Il Trenino a Cremagliera
Il Trenino a Cremagliera
Scritto da dott. Alessandro Imperatrice
Il percorso oggetto dell'escursione si collocava nell’ambito di un più complesso sistema di trasporto su ferro. Quest'ultimo conduceva il visitatore dalla città di Pugliano (oggi Ercolano) sin sull’orlo del Gran Cono. La sommità del cratere si raggiungeva grazie all'ausilio di una funicolare, inaugurata nel 1870 e celebrata dalla canzone universalmente nota: "Funiculì Funiculà" di Turco e Denza.
I due si incontrarono a Castellammare di Stabia per caso: Peppino Turco, giornalista napoletano residente a Roma, direttore del Capitan Fracassa e del Padre Rocco, era venuto a Castellammare per fare la cura delle acque; Luigi Denza, compositore stabiese emigrato a Londra, dove dirigeva il conservatorio musicale, era tornato nella città natale per trascorrervi le ferie.

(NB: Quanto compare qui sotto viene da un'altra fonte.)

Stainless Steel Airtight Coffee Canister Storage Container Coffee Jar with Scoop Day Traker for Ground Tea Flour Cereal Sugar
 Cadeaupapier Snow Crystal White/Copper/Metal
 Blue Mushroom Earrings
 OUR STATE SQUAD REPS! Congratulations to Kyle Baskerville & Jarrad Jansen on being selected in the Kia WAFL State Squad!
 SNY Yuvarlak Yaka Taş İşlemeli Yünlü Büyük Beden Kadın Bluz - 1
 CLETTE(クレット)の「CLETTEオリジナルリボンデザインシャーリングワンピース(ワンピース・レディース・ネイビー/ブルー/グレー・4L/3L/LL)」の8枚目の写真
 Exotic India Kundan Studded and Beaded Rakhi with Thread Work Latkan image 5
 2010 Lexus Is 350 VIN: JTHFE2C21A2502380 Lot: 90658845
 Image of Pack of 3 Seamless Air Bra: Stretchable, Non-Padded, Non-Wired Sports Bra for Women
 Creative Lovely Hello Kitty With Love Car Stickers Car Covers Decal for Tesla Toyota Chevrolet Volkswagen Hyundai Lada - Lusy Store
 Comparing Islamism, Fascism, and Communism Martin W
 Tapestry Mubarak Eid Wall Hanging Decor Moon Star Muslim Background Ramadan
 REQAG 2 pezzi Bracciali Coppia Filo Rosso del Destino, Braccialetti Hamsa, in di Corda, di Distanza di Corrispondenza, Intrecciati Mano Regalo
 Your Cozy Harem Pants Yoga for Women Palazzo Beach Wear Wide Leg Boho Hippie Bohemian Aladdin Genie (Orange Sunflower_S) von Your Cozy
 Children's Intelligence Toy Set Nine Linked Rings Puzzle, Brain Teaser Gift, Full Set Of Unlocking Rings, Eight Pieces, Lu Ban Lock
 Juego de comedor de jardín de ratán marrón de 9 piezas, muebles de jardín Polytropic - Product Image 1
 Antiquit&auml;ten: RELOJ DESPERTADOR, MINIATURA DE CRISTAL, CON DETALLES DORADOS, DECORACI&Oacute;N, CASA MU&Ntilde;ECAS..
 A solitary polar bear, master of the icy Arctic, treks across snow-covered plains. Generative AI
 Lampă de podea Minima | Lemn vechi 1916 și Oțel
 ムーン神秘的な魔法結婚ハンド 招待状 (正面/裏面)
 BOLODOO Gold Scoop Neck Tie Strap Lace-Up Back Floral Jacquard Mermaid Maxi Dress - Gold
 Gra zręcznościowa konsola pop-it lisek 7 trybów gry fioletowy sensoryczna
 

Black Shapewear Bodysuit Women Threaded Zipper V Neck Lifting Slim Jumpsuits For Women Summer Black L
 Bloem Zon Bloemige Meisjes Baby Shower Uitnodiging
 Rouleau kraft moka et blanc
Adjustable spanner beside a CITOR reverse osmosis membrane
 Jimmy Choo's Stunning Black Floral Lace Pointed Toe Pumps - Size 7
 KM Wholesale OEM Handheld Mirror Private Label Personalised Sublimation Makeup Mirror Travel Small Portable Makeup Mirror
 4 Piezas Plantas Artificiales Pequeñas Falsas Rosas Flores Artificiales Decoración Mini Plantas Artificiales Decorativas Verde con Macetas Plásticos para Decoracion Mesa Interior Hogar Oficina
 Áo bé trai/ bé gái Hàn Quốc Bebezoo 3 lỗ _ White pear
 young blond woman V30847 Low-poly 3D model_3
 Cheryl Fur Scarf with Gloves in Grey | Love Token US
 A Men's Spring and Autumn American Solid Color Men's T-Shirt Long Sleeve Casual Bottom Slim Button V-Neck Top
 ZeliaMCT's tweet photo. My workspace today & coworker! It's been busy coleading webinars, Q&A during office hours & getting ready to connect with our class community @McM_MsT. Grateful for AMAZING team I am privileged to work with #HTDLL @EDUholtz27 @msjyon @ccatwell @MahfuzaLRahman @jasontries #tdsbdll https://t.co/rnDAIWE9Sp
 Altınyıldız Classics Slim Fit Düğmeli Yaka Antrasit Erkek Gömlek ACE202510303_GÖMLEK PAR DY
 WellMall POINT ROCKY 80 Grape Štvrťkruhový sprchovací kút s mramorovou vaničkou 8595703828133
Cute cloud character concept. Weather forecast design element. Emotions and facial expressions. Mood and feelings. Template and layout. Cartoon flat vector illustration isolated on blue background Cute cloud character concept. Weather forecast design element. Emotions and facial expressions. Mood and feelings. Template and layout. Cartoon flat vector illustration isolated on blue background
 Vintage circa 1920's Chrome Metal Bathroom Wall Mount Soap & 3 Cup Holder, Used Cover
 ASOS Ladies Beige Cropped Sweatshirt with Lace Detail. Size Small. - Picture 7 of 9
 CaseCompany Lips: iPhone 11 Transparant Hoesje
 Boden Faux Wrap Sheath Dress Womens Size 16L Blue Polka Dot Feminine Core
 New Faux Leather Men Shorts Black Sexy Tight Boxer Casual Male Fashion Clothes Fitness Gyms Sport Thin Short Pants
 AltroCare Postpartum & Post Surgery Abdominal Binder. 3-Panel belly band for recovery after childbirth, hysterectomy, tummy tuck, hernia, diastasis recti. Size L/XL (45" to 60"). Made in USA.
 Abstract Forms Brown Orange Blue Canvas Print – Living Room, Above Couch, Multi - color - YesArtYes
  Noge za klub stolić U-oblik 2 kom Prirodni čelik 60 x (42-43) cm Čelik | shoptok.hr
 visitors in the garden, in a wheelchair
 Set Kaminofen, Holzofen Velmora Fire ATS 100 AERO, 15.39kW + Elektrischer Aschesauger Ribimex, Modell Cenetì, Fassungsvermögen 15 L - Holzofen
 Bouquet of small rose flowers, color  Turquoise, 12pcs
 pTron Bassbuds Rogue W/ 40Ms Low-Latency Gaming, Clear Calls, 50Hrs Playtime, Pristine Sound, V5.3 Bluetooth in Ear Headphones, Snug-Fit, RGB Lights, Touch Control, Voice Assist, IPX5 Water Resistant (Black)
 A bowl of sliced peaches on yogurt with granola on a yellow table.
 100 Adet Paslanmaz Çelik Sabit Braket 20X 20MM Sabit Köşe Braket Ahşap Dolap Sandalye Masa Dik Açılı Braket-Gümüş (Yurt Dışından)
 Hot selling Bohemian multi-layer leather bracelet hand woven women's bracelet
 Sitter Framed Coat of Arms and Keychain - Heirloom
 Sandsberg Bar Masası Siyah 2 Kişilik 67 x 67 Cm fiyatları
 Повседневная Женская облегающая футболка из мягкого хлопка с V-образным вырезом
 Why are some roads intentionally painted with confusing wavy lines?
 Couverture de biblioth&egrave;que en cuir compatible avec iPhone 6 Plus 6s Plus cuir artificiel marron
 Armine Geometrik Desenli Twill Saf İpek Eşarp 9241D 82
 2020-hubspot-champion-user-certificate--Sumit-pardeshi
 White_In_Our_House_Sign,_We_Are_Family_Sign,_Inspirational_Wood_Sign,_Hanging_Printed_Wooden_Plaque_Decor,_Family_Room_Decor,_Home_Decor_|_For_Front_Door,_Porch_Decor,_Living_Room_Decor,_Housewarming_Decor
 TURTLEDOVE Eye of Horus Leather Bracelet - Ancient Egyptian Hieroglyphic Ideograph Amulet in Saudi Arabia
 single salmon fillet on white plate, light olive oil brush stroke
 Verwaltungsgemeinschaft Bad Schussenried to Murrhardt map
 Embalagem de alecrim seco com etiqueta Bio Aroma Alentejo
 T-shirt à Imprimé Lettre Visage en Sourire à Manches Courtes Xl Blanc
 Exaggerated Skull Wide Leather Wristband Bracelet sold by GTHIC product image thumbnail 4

A soli ventotto anni dall’entrata in funzione della funicolare, fu poi inaugurata la linea ferroviaria a cremagliera Pugliano- Osservatorio e poco dopo, a completare l’opera, la linea ferrata che permetteva al medesimo trenino, supportato da una ruota dentata, di coprire anche il restante tratto dall’Osservatorio al piazzale della funicolare. La costruzione di quest’ultima fu cominciata dal finanziere Ernest Oblieght, ma alcune difficoltà finanziarie costrinsero Oblieight a cedere l’opera alla compagnia inglese Cook & Sons, la quale affiancò la realizzazione dell’Hotel Eremo, allo scopo di rendere più ampia la propria offerta turistica. Nell’esercizio della funicolare e del trenino, alla Cook subentrò nel 1927 la società che allora gestiva le Ferrovie Meridionali (l’attuale Ferrovia circumvesuviana).
La lunghezza complessiva è di 1188 m con quota massima di 520 m slm.
Partenza da San Sebastiano al Vesuvio, via Panoramica Fellapane con durata di ore 2,30.